Abstract This study presents a dynamic analysis of compact heat exchangers (CHEs) integrated within an aircraft Environmental Control System (ECS), with emphasis on their transient thermal behaviour under varying operating conditions. A dynamic model is developed using the ECS library in a 1-D system simulation platform. Characteristic maps of heat exchanger effectiveness as functions of hot and cold fluid mass flow rates are generated in MATLAB for the primary heat exchanger (PHE), secondary heat exchanger (SHE), reheater (RHX), and condenser (CND), and subsequently imported into the ECS library framework.
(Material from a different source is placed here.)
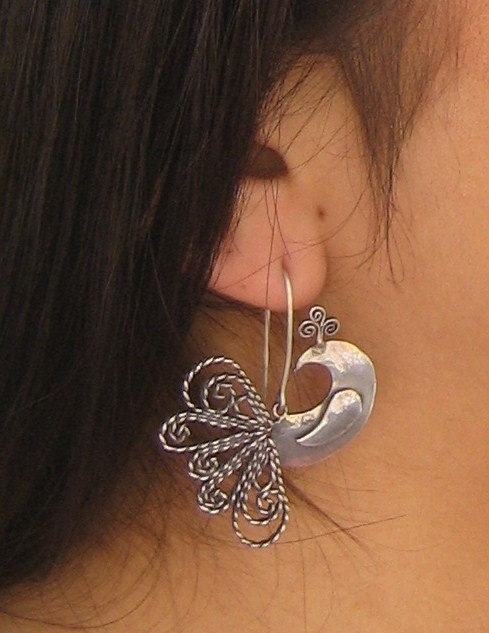 Otomi Filigree Peacock Earrings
The model employs pressure–temperature sources at the inlets and temperature–mass flow sinks at the outlets on both hot and cold sides. Dynamic performance is evaluated in terms of hot- and cold-side outlet temperatures, hot-side heat flow rate, and system response time. Parametric analysis reveals that the fluid channel volume has a dominant influence on transient response compared to heat exchanger effectiveness. For an isolated heat exchanger, the dynamic response time increases from approximately 10 s to 25 s as the fluid channel volume increases from 0.5 m³ to 1.5 m³. Stabilised hot-side outlet temperatures of about 86 °C, 162 °C, 369 °C, and 453 °C are obtained for effectiveness values of 0.98 (SHE), 0.84 (PHE), 0.43 (RHX), and 0.25 (CND), respectively, corresponding to hot-side heat flow rates of 339.40 kW, 288.17 kW, 146.84 kW, and 88.37 kW. Furthermore, an integrated ECS configuration combining the PHE and SHE is modelled, demonstrating longer response times for the SHE (≈ 20–40 s) compared to the PHE (≈ 10–25 s) over the same range of fluid channel volumes. The results clearly demonstrate the significance of transient analysis in the design and optimisation of compact heat exchangers for aerospace ECS applications.